1. What is the relationship between Gregor and his family? What clues in the story suggest that his relationship with his family, particularly his father, is unsatisfactory?
First of all, this was not the first time I have read The Metamorphoses, and I still didn’t like it. I know that it is supposed to be symbolic, however, I find it disturbing. Anyway, to answer the question, I find that Gregor is really only there because he feels as if he owes it to his parents. His mother and sister do take care of him and cover his back while he is absent from work, however, I think that they are disturbed at his metamorphism, and really only feed him etc. because they feel as if it is their motherly and sisterly duties. I believe that his father feels unmanly for not being able to provide for the family, and therefore can’t help being bitter to Gregor for he is the one working and putting bread on the table.
2. Discuss the central events in each of the three sections of The Metamorphoses. In what ways do these events suggest that the weakening of Gregor results in the strengthening of the family as a whole?
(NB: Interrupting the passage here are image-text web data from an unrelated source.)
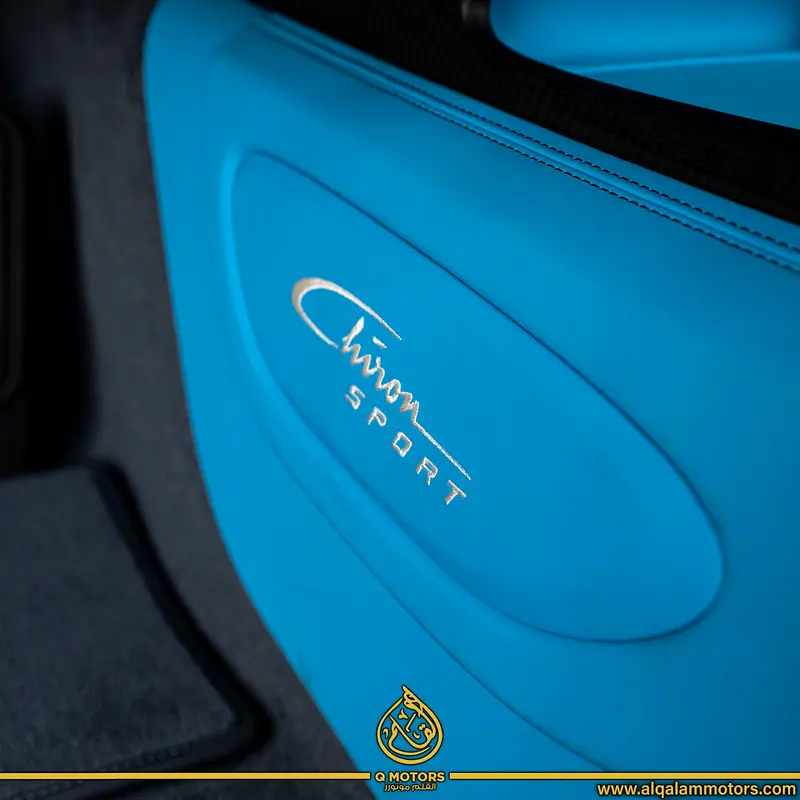 2019 BUGATTI CHIRON SPORT ( 110 Anniversary Edition) (1000KM) ( 4 years Warranty+Service Contract) - Image 9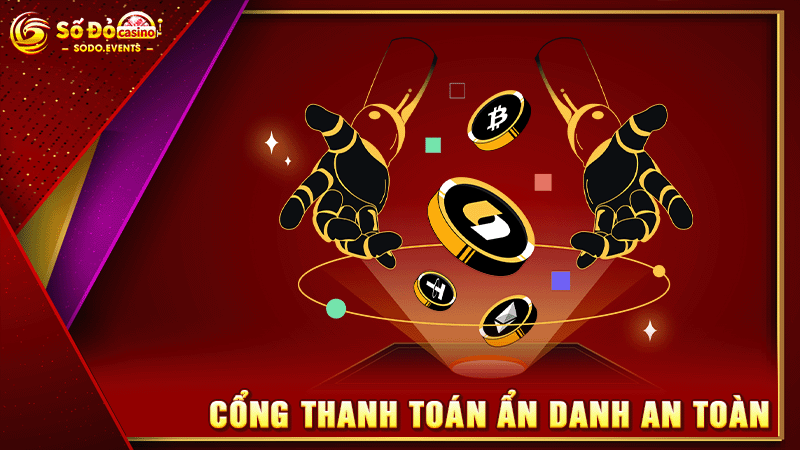 cổng thanh toán ẩn danh an toàn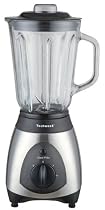 Blender mixeur / broyeur de glace pilée inox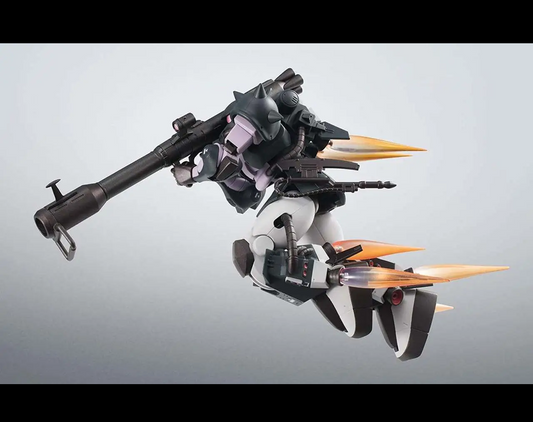 Robot Spirits MS-06R-1A Zaku II ...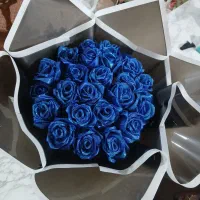 دسته گل زیبا|گل مصنوعی|نکا, |دیوار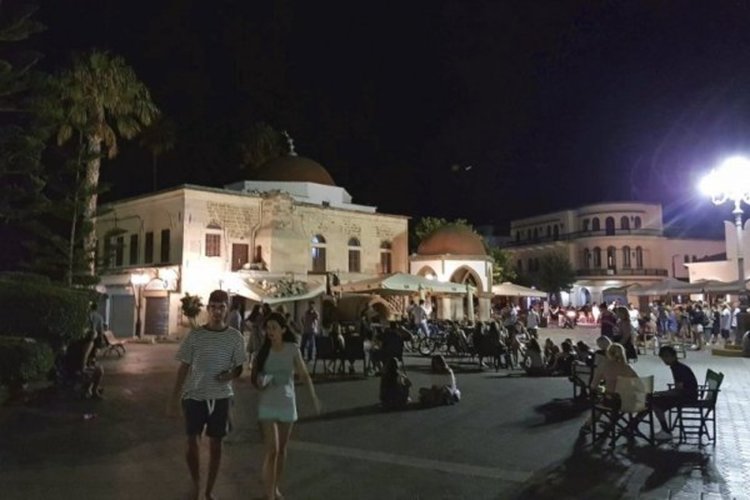 Земетресението в кадър: Жертви и ранени на гръцкия остров Кос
His metamorphism, the effect this has on his family, especially his father, are all pivotal events in this story. I think that throughout this story, the weakening of the provider of the family, makes the rest of the family come together and start getting their junk together. Imagine if someone in your family was always working and providing for everyone and you were used to lounging around, I think it would be hard to get motivated and go get work. Therefor, I think that it may have been somewhat beneficial for the family that Gregor was transformed.
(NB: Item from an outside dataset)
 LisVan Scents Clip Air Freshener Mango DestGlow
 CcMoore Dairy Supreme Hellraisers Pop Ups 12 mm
3. How effective do you find Akhmatova’s Requiem as a political protest? Requiem was not published until well after the purges were over and Stalin was dead; is it, then, totally lacking in influence?
I think that because it was published after the fact, it could not of persuaded anyone either way during the reign of Stalin, however, I think that it definitely can be a lesson for the future and influence us in that way. Aren’t all history books and stories and even myths, although published after the fact still teach their readers important lessons?
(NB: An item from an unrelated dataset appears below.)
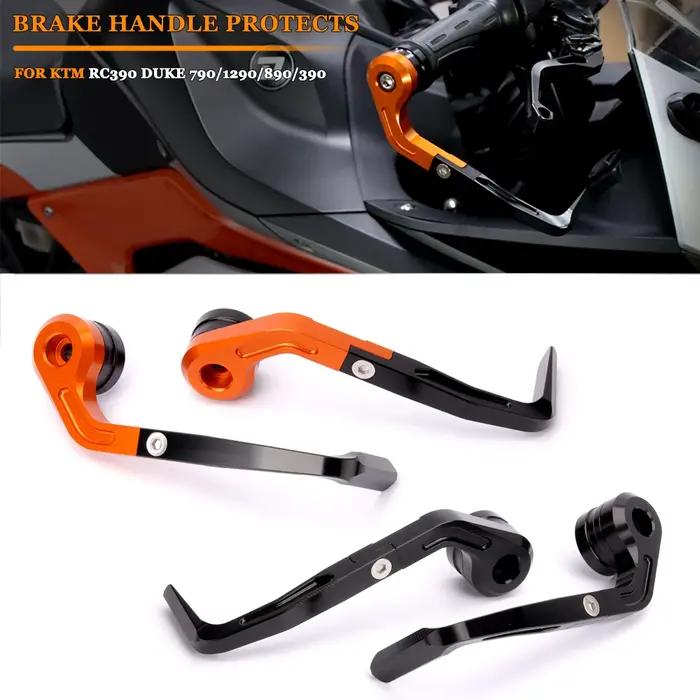 Accessoires de moto poignée de frein de moto protège CNC réglable Pro garde-main pour KM duke 790 RC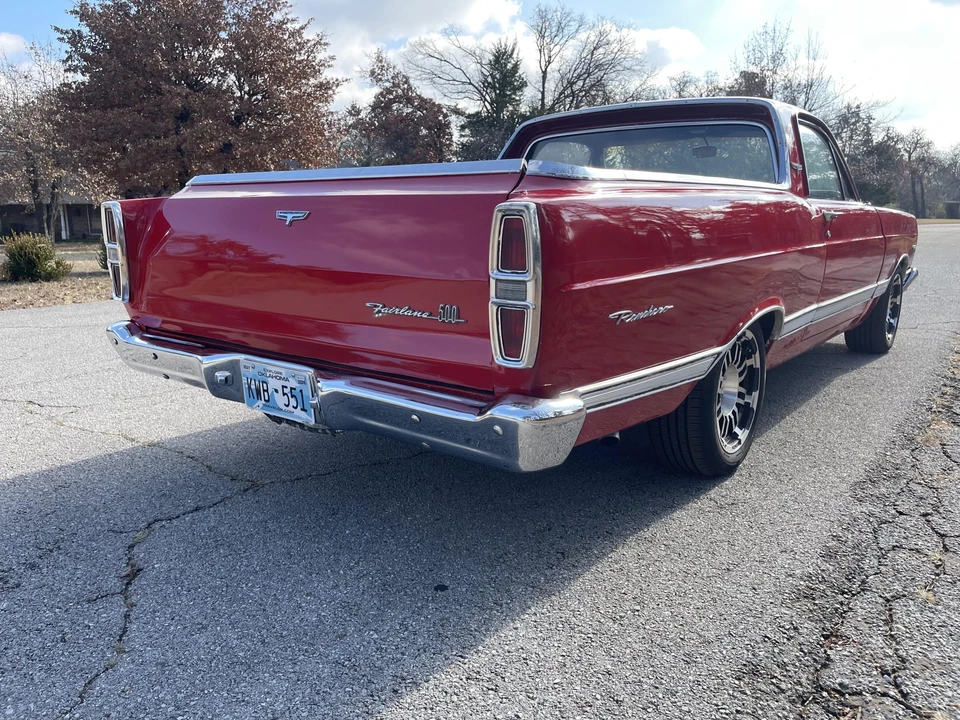 1967 Ford Fairlane 5th Gen - Image 7 of 31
4. How should we interpret the famous command at the end of Archaic Torso of Apollo?
I find it like that of the persuasive speeches we have been looking at and discussing in my communication class. Rilke provides a very vivid description of the statue, however, if you were to take away that last sentence, You must change your life… it does not have the same “umph!” to it. That last sentence really seems like the call to action in a persuasive speech and ties the whole poem and similes of Apollo together. I think one should interpret it as him bringing the poem to a close, the conclusion, the part where he has given you all of these awesome smilies and then ends it by that dazzling statement that makes you want to start writing poetry.